-- EXERCISE PROMPT --
Could you reproduce the lines below from the one with "Figure contains 2" through the one with "Evolution du taux"? Keep both ends and add nothing.

-- INFORMATION --
-.-.-
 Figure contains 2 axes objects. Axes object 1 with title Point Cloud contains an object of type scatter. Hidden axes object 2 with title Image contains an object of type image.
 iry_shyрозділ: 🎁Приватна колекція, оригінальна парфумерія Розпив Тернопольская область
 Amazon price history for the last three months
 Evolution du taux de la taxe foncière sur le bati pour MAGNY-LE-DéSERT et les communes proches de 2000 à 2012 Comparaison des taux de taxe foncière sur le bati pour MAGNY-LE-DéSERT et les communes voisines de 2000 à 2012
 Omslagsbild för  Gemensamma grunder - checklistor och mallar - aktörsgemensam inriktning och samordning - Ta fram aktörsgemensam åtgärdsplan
-.-.-
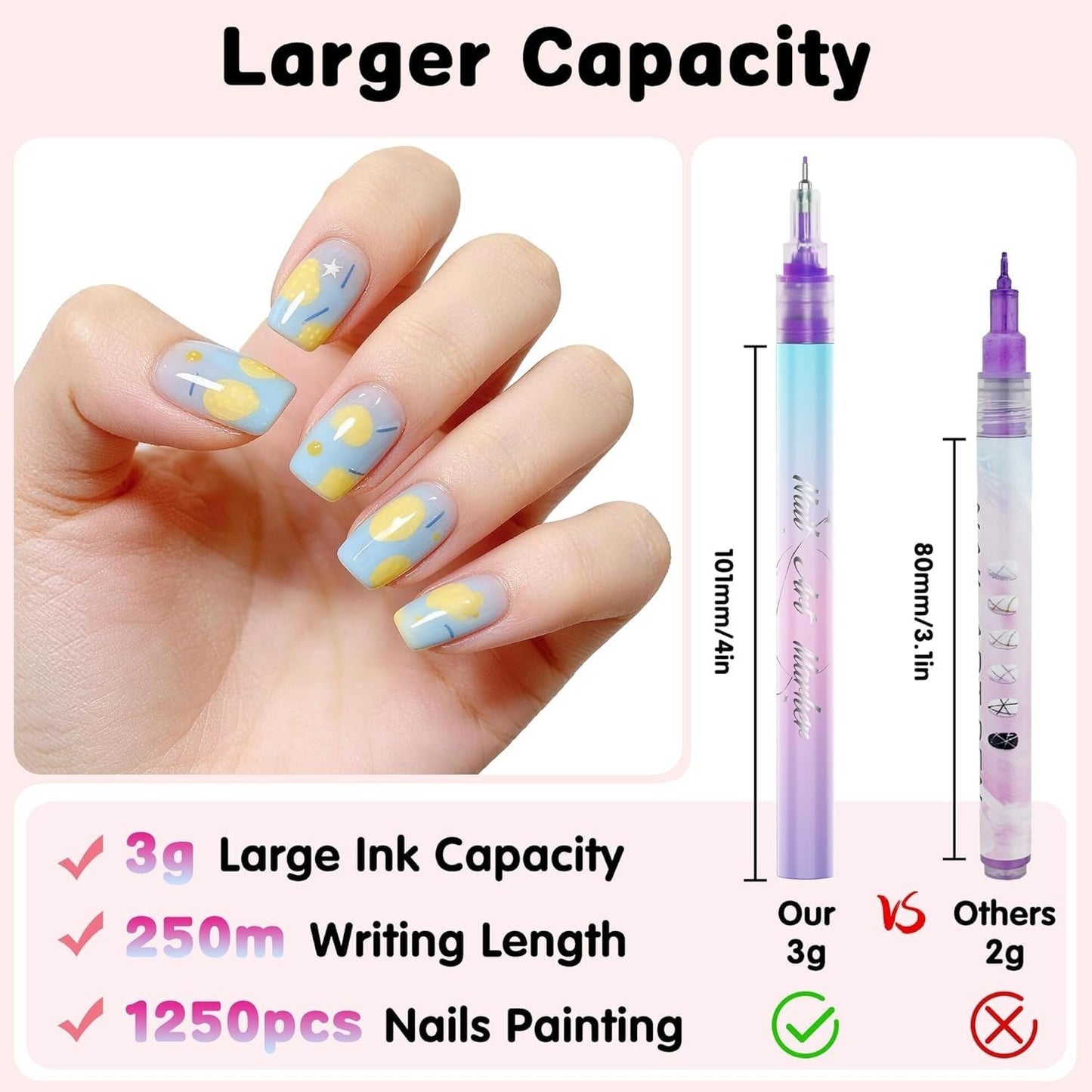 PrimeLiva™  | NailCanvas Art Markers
-.-.-
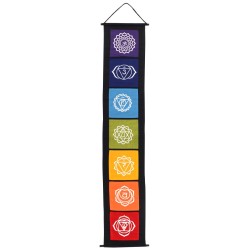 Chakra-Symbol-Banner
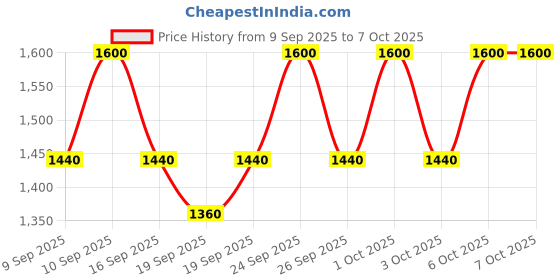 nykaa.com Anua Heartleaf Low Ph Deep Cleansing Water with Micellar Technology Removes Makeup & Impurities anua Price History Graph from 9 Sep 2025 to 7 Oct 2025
-.-.-
-- EXERCISE RESPONSE --
 Figure contains 2 axes objects. Axes object 1 with title Point Cloud contains an object of type scatter. Hidden axes object 2 with title Image contains an object of type image.
 iry_shyрозділ: 🎁Приватна колекція, оригінальна парфумерія Розпив Тернопольская область
 Amazon price history for the last three months
 Evolution du taux de la taxe foncière sur le bati pour MAGNY-LE-DéSERT et les communes proches de 2000 à 2012 Comparaison des taux de taxe foncière sur le bati pour MAGNY-LE-DéSERT et les communes voisines de 2000 à 2012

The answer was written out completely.